Leake made his major league debut on April 11, 2010, in a 3–1 victory against the Chicago Cubs.[10] After loading the bases with no one out in the first inning, a very shaky start to his career, he recovered by forcing Aramis Ramírez to pop out. He then struck out Marlon Byrd and got Alfonso Soriano to fly out. After 6 innings, Leake exited having given up 4 hits and just one earned run. He also contributed two hits of his own. He later was quoted as saying "I always thought I could do it [skip the minor leagues] even if nobody else did. I just have some weird inner confidence that gets me going."

On May 15, 2010, Leake pitched 6 innings and allowed 2 runs against the St. Louis Cardinals to earn his fourth career win.[11] With a career record of 4–0 at that point, he became the first Reds rookie starting pitcher to open 4–0 since Pat Zachry and Santo Alcala did so in 1976.[12]

Leake became the first rookie pitcher in Reds' history to remain undefeated after his 10th start by throwing six innings of shutout ball and allowing just seven hits on May 30, 2010, against the Houston Astros.[13][14]

On June 5, 2010, against the Washington Nationals, Leake threw seven innings to notch his fifth victory, giving up one unearned run in the process. Leake allowed seven hits during the performance, issued no walks, and struck out 5 batters. All the hits, with the exception of the double by Nyjer Morgan, were singles. Additionally, Leake had two hits and scored a run in the Reds' 5–1 win.[15] With this win, Leake moved to 5–0 in his career and joined Santo Alcala as the only rookies in Reds history to begin their careers with that record.[12]

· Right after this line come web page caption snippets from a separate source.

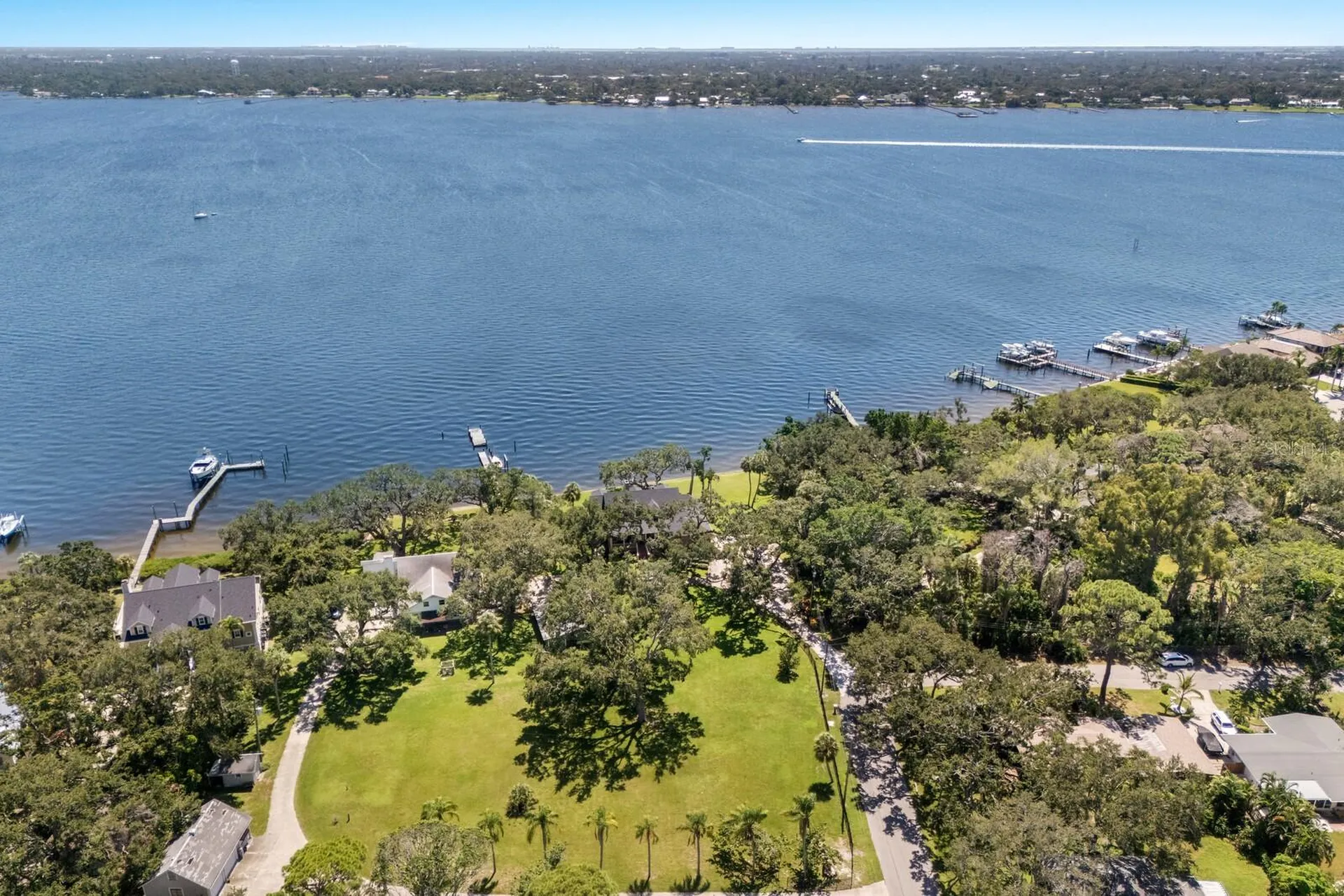 702 32nd Avenue W Palmetto FL 34221
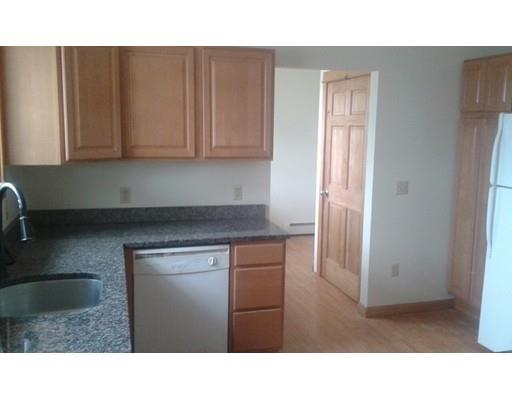 204 Ashby Rd, Ashburnham, MA 01430 photo 14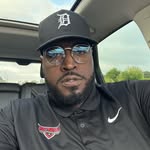 Stephan L. Smith - @_coachsmith_ - Instagram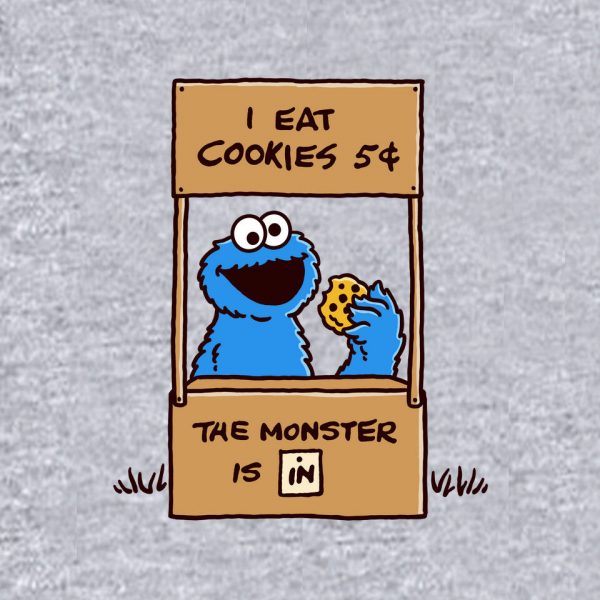 Cookies Help - Image 16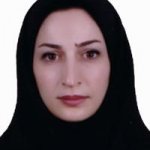 دکتر شیرین مدبرنیا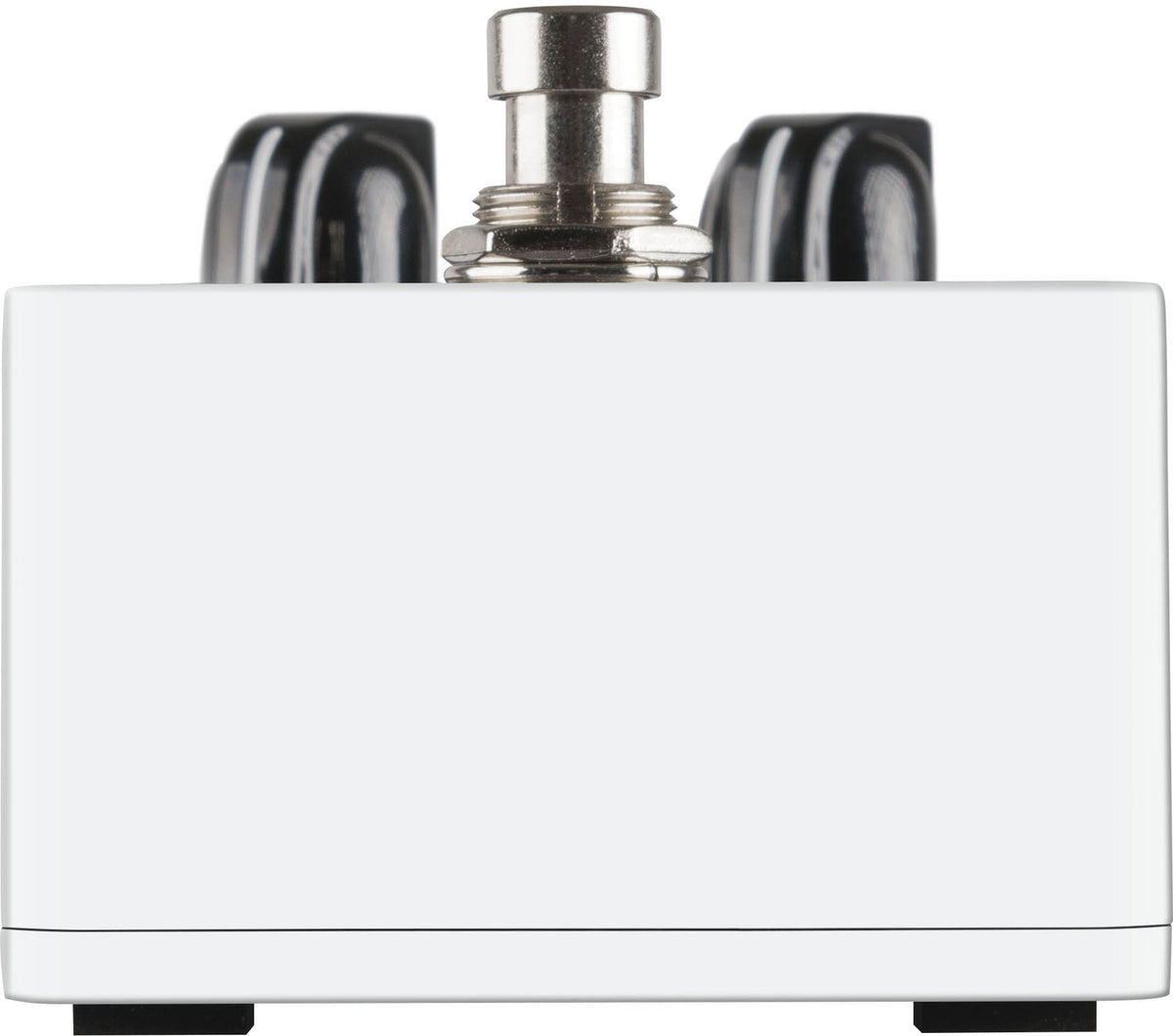 Opto Comp Compressore ottico analogico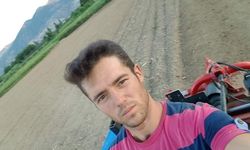 Buharkent'te çapa makinesine ayağını kaptırmıştı, hastanede hayatını kaybetti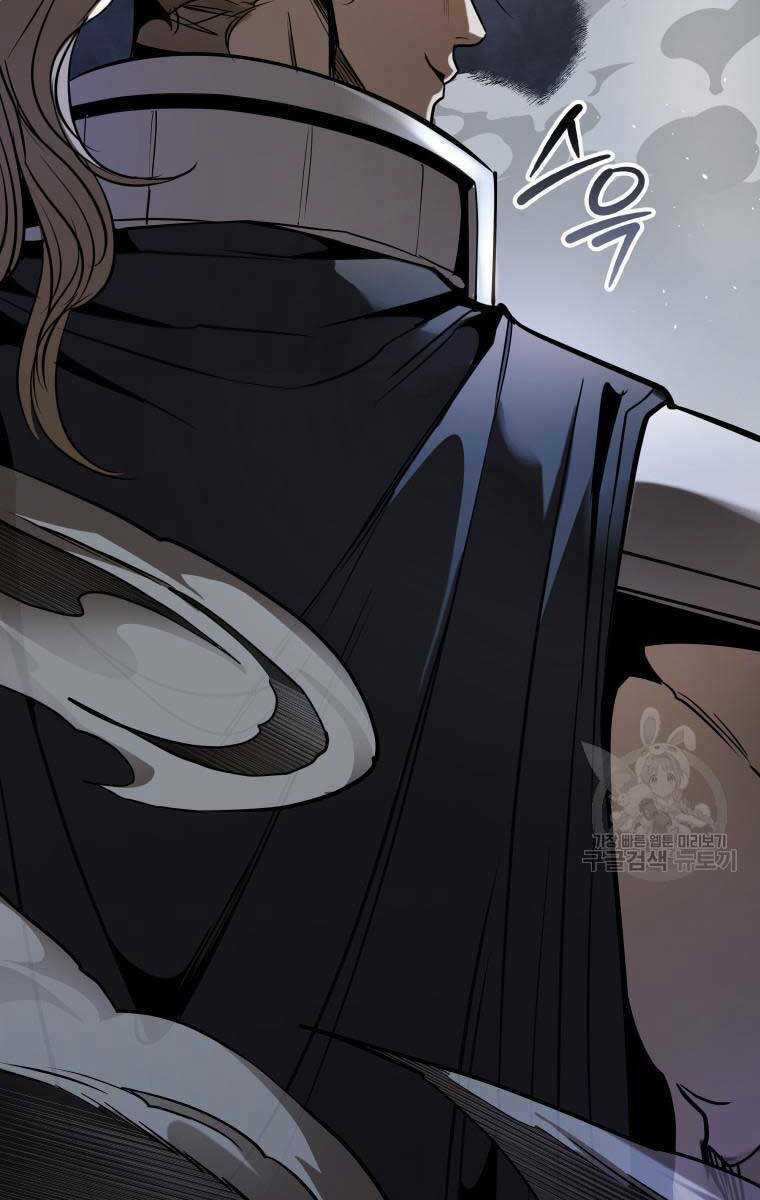 Hoa Sơn Tật Phong Kiếm Chapter 19 trang 144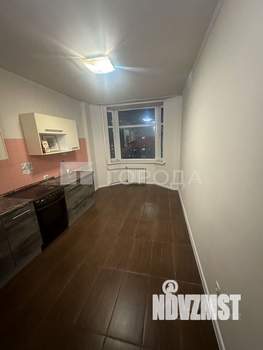 2-к квартира, на длительный срок, 60м2, 10/21 этаж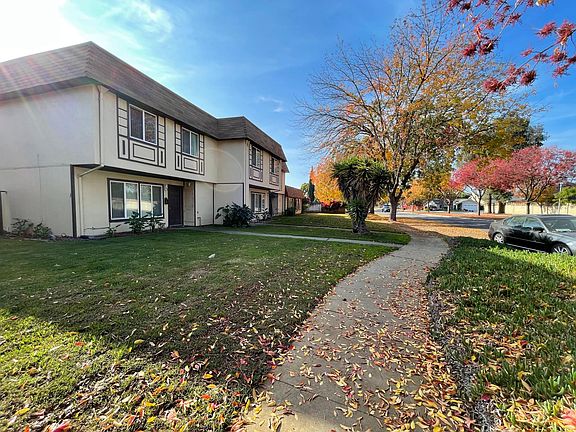 3rd image of 158 Chynoweth Ave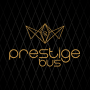 PRESTIGE BUS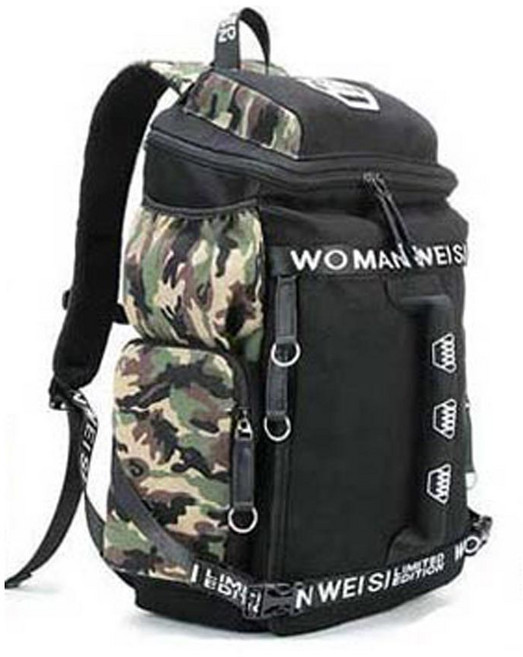 COOREENA X-21 백팩 남성백팩 여성백팩 노트북백팩 여행가방 학생백팩 학생가방 캐주얼백팩 남자가방 여성가방 배낭 정장백팩 직장인백팩 30리터백팩 등산 배낭 차박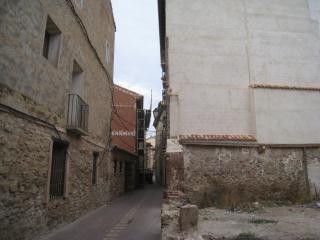 IMG_4291.JPG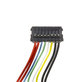 Bateria do Lenovo 320, 330, 520, Ideapad 320, 330, S145, 3900mAh, Li-Pol, 7.5V, L16L2PB1, HQ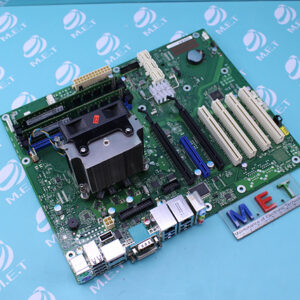 FUJITSU D3236-S13 G3 3 W26361-W3352-X-04 w26361-w3352-z4-04-36 board D3236S13 G3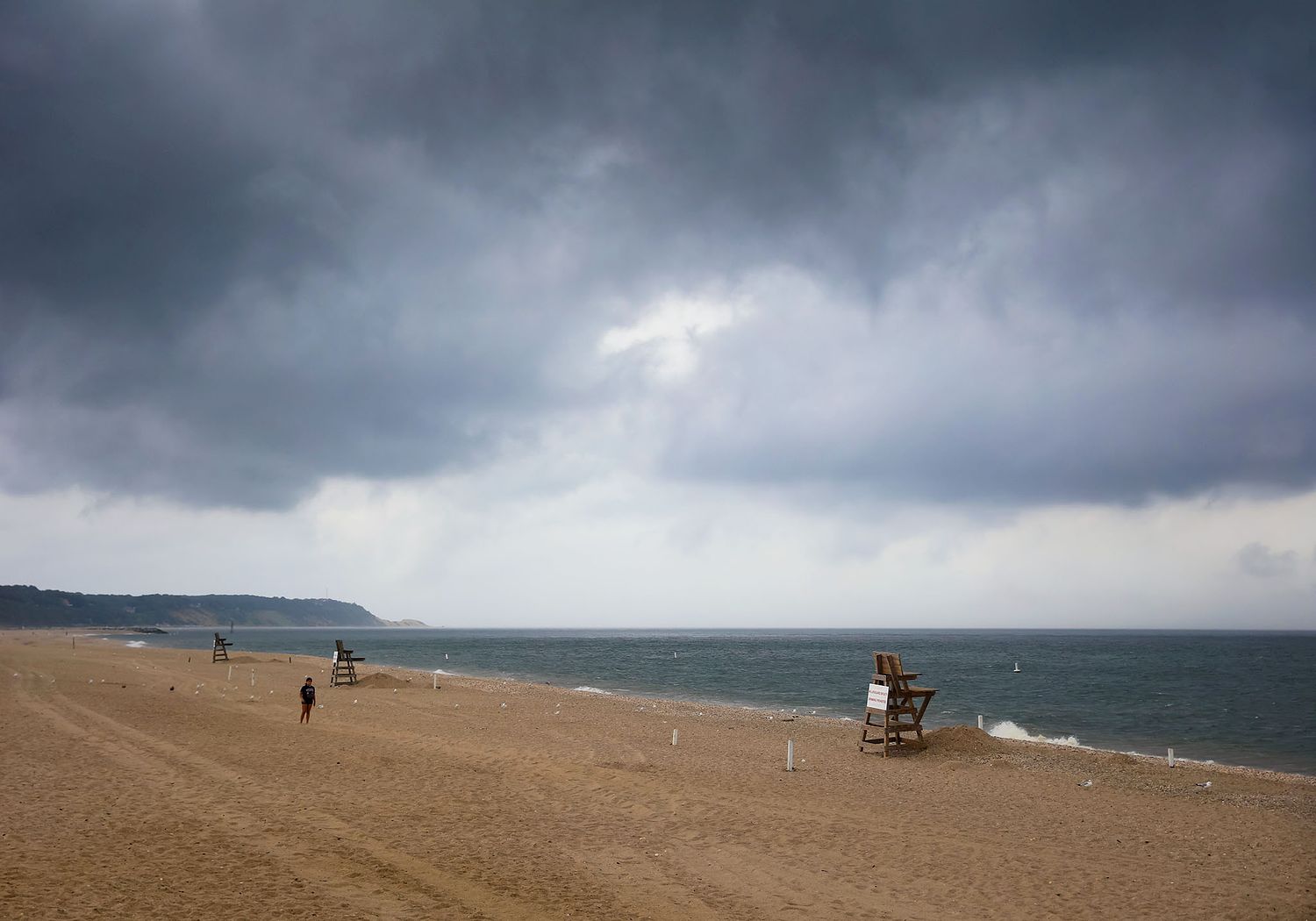 ALISON PERRY PHOTOGRAPHY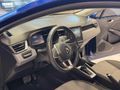 POLAT' 2024MODEL 1.0 TCE RENAULT CLİO EVOLUTİON 15 DK KREDİ İLE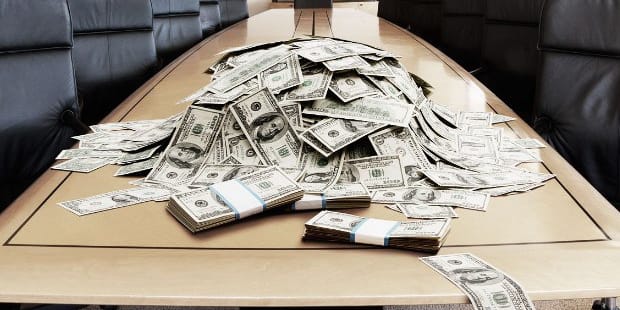 How to sell your Houston home fast without leaving money on the table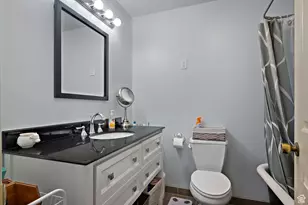 685 W 1000 N, Pleasant Grove, UT 84062 - Photo 6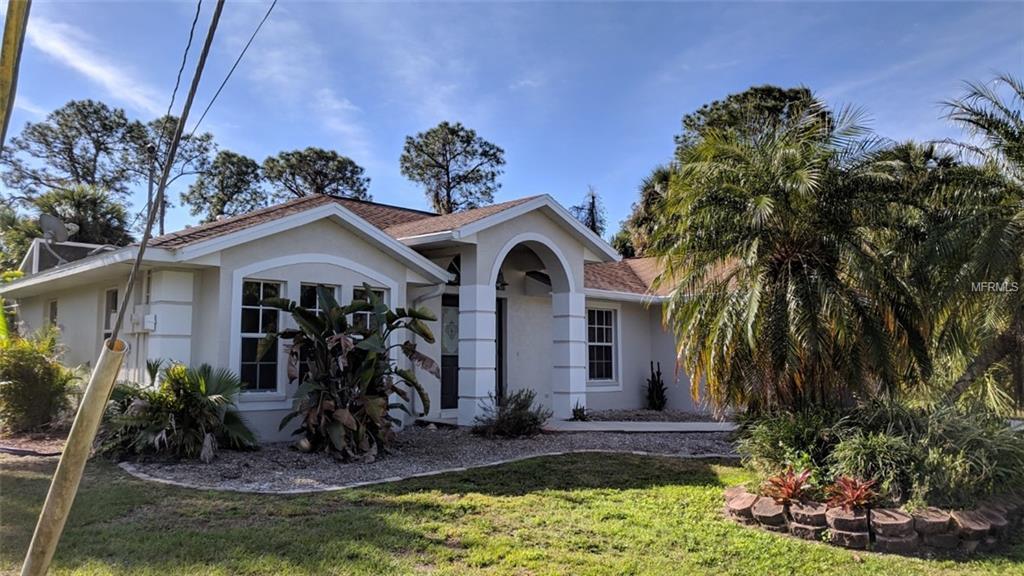3828 Junction Street - Photo 1
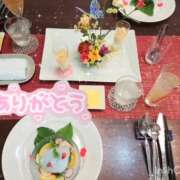 ヒメ日記 2026/07/30 20:56 投稿 ゆいな 佐賀人妻デリヘル 「デリ夫人」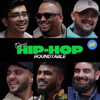 Out of Syllabus by ScoopWhoop X Def Jam India - Vedam Records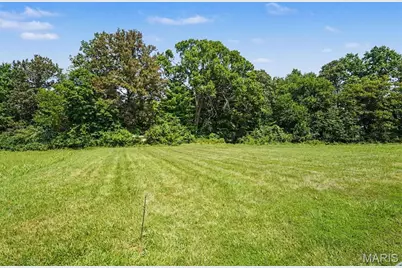 6271 Cedar Hill Road, Cedar Hill, MO 63016 - Photo 29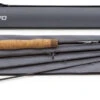 TFO BC Big Fly Fly Rods 1 TFO BC Big Fly Fly Rods -Shimano Fishing Shop tfo bc big fly rods product assortment 960x689 1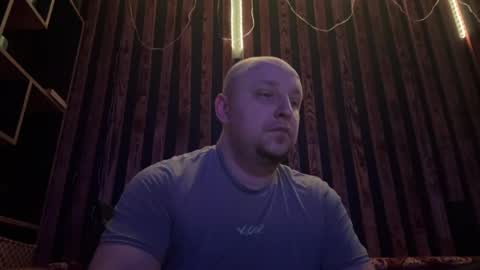 Anton online show from 05/14/26, 09:10
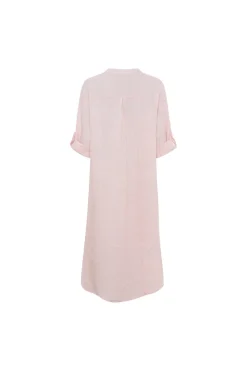 Mdcmarike Dress 93911-1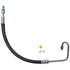 Gates 359350 Power Steering Pressure Line Hose Assembly Power Steering Pressure Line Hose Assembly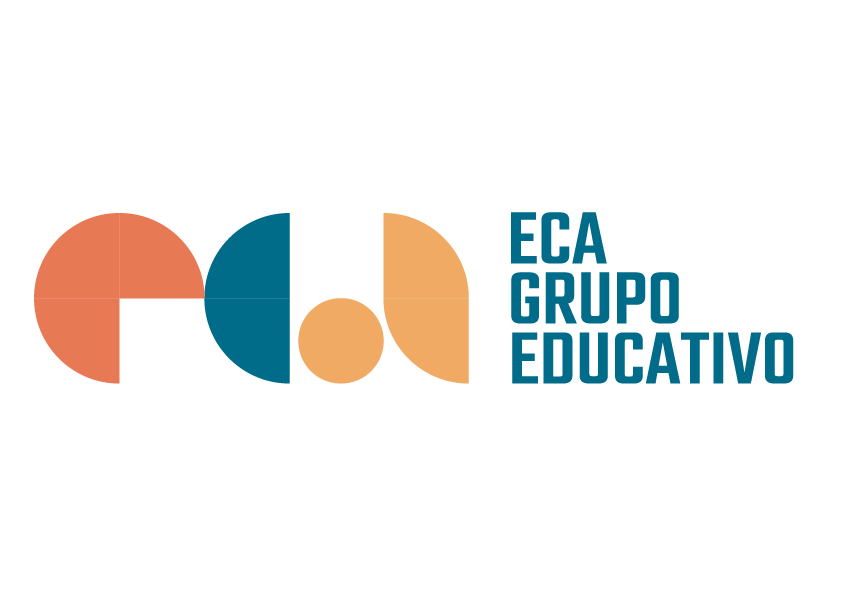 ECA Grupo Educativo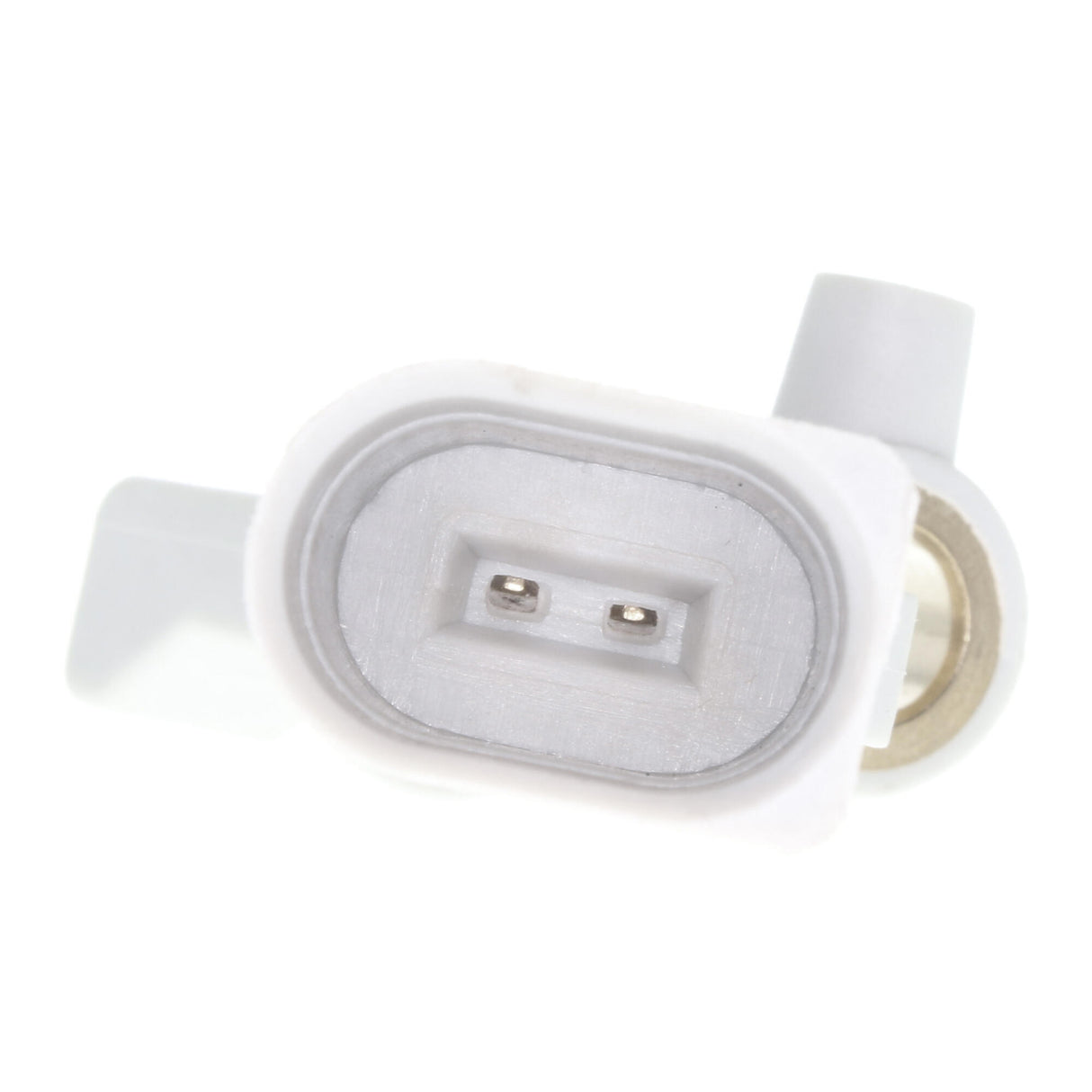 VW Sensor, wheel speed - VEMO V10-72-1356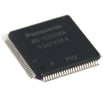 Integrated Circuit for Panasonic TC-P42X1 - Part MNZSFH8KPH2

Leake began to suffer from shoulder fatigue as the season progressed, and he was eventually put on the disabled list (DL). He did come off the DL in mid-September and joined the Reds as part of expanded rosters, but never pitched. Leake did throw a bullpen session late in the month, but was determined to be not ready for pitching in the post season and effectively "shut down" once again. He did see action as a pinch-runner and pinch-hitter in the month after showing his hitting ability during the season.


Entering spring training, Leake was considered the sixth man in the rotation, and faced starting the season in the minor leagues. However, Johnny Cueto and Homer Bailey both went on the DL, and Leake made the rotation out of spring. He won his first two decisions, posting a 5.40 ERA. Leake was optioned to triple-A for the first time in his career on May 14 to make room for reliever José Arredondo to come of the DL. Arredondo's rehab assignment had reached the maximum 30 days, he had pitched well, and was out of options.[16] Leake was called back up on May 28 and started against the Braves, earning the win and pitching six innings of one-run ball.[17]


On May 21, 2012, Leake hit the first home run of his career, off Mike Minor of the Atlanta Braves in the fourth inning of a game at Great American Ball Park. On June 29, 2012 Leake threw his first complete game against the San Francisco Giants in a 5-0 victory.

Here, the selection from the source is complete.